Помню, в районе Ягодина сели на вынужденную посадку два наших истребителя, в пяти километрах от какого-то села. Самолеты произвели посадку на ровном месте во ржи над полевой дорогой. Полк в это время базировался под городом Нежин. Командование полка послало группу механиков во главе со старшим техником нашей эскадрильи тов. Позняковым. Мы разыскали эти самолеты, осмотрели и ввели их в строй. Однако для взлета необходима была хорошая ровная взлетная полоса, чтобы перебазировать туда наши самолеты, что мы и сделали. В ожидании летчиков мы сидели, караулили эти самолеты и нам, как салагам, Позняков рассказывал, как он воевал в Китае против японцев. В этот день была пасмурная погода с низкой облачностью. Вдруг из облаков вынырнули два немецких самолета и тут же сбросили бомбы. Очевидно, они заблудились и решили избавиться от бомб. Бомбы упали недалеко от наших самолетов, но не повредили их. Позняков в это время, рассказывая что-то, неудачно привел пословицу "Дай Бог нашему теляти волка съесть". Эту пословицу я слышал впервые и не придал ей никакого значения. По приезду в часть кто-то доложил об этом начальнику особого отдела. Последний учинил нам допрос, а Позняков куда-то исчез и больше я его не видел.
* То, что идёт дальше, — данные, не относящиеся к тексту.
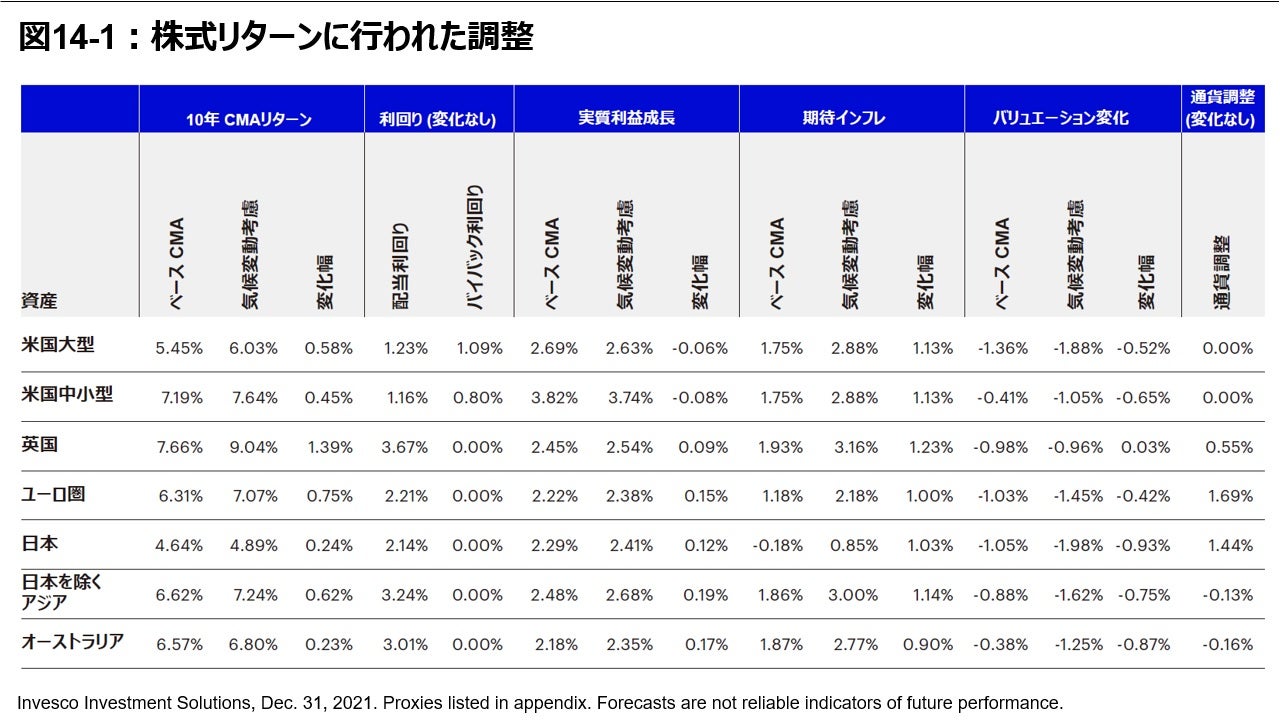 図14-1: 株式リターンに行われた調整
Спустя полмесяца после начала войны в полку оказалось много механиков без самолетов. И нас пятнадцать человек направили на Таганрогский авиазавод для получения самолетов. С Нежинского вокзала нам предоставили товарный вагон, предназначенный для перевозки скота с решетками и кормушками. На вагоне мелом было крупно написано "Люди". Наш вагон цепляли к всевозможным товарным составам, идущим в нужном направлении. Когда нас отправили в командировку, необходимо было решить вопрос с продовольствием на путь следования, однако у работников БАО ничего не оказалось, и нам предложили по пути запастись самим. Проезжая через какой-то небольшой поселок городского типа, мы остановились возле продовольственного магазина, где в это время царила полная паника. Заведующий магазином предложил нам взять у него продукты без всякой оплаты. Мы погрузили два небольших бочонка сала, бочонок селедок, взяли масла сливочного, сыра голландского, сахара, печенья, конфет и много других продуктов. Приехали на вокзал, погрузились в свой вагон и через несколько часов поехали через Бахмач, Сумы, Харьков, Горловку на Таганрог…"
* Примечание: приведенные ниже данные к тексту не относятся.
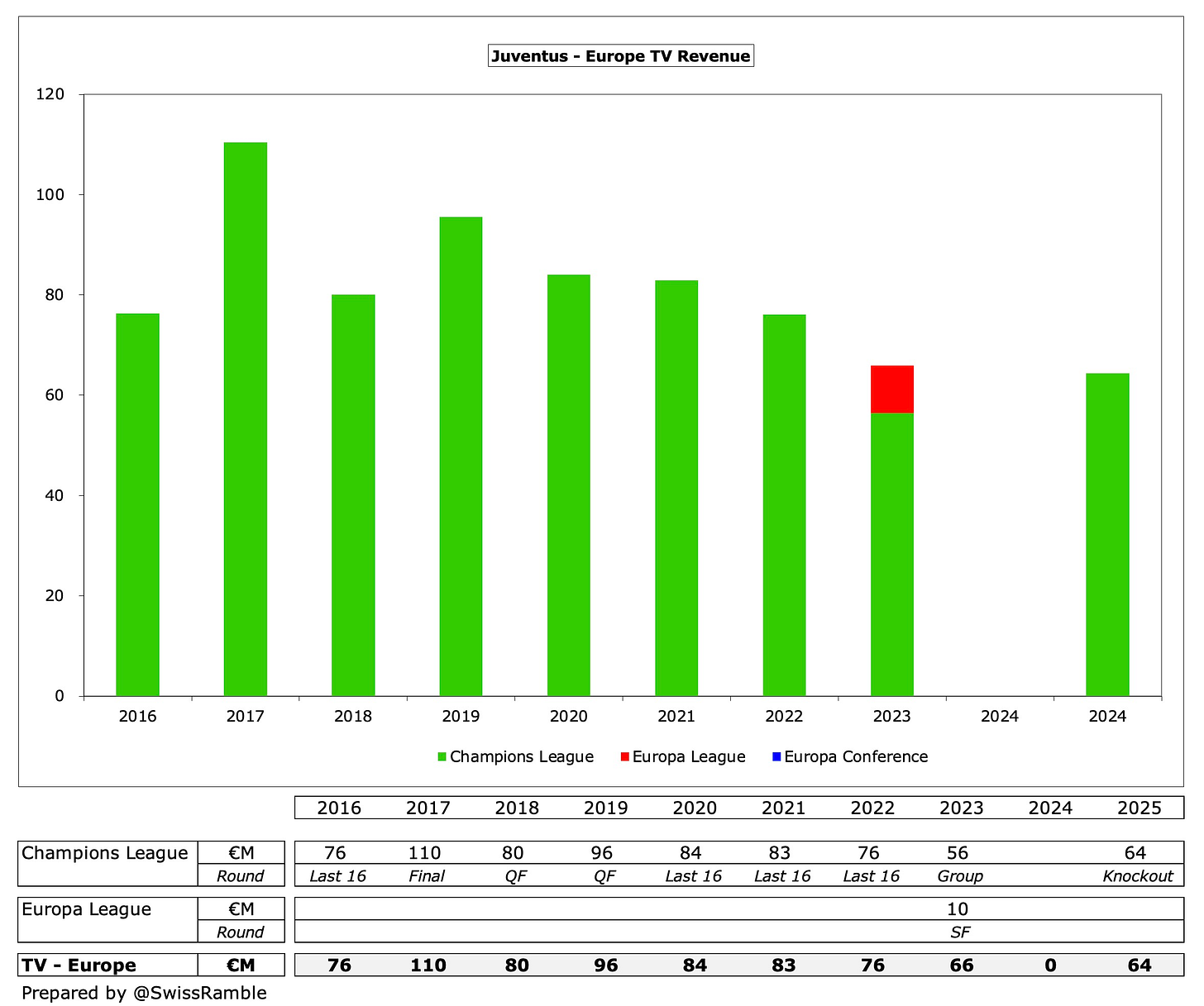 Juventus Finances 2024/25 - The Swiss Ramble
Из этих воспоминаний можно сделать следующие выводы:
- аэродром, на котором базировался этот полк был как раз из разряда действительно мирно спящих, подвергся сильной бомбежке в перый день войны и понес большие потери в самолетах имено на земле.
- полк не был готов к нападению немцев (зенитного прикрытия не было, летчики находились далеко от аэродрома, вооружение с самолетов было снято).
- не смотря на всю неразбериху и частые перебазирования, полк всетаки сражался и наносил немцам потери, а не просто перелетал с места на место все дальше в тыл.
- ну и интересно так же поведение особистов и местного населения.
1. Нулевая, фактически, ВОЕННАЯ ПОДГОТОВКА: л/с ЛЮБУЕТСЯ на трассеры - следовательно раньше трассирующие снаряды никогда не видели.

2. Нулевая, фактически, БОЕГОТОВНОСТЬ: ни один самолет не попытался совершить взлет (хотя бы заранее обреченный на неудачу).

3. Нулевая, фактически, готовность действовать в РЕАЛЬНЫХ боевых условиях: никто за время между налетами не пытается подготовить ВПП, которая, вроде бы, разрушена бомбардировкой, чтобы следующий налет встретить "во всеоружии".

4. Нулевая, фактически, МОРАЛЬНАЯ готовность: после налетов практически все бодро "линяют" с аэродрома, оставив документы, личные вещи и т.п., т.е. попросту панически бегут.

5. Оставшиеся (почему?) восстанавливают самолеты, чинят ВПП. Т.е. остались те, кто не поддался панике или кому не досталось места.

Даже по этим пунктам можно судить о правоте выводов МС относительно поведения "несокрушимой и легендарной" в первый период войны.
    +3    
Евгений Орлов - evgeny-orlov: 16.05.10 17:46
Мне понравилось про "продовольственное снабжение" воюющей армии. Явно под наступление отработаны "навыки":

Если отбросить эмоции, то получается потрясающий документ, свидетельствующий о том, насколько "эффективно" осуществлялся менеджмент. Много лет, ценой голода, нищеты и лишений армия насыщалась оружием, боеприпасами, военным имуществом и все так бесславно просрано в какие-то 10 дней (касательно этого полка, да и еще многих других). И долгие месяцы и миллионы жертв потребовались, чтобы перейти от бездарной охраны военного имущества к его боевому использованию.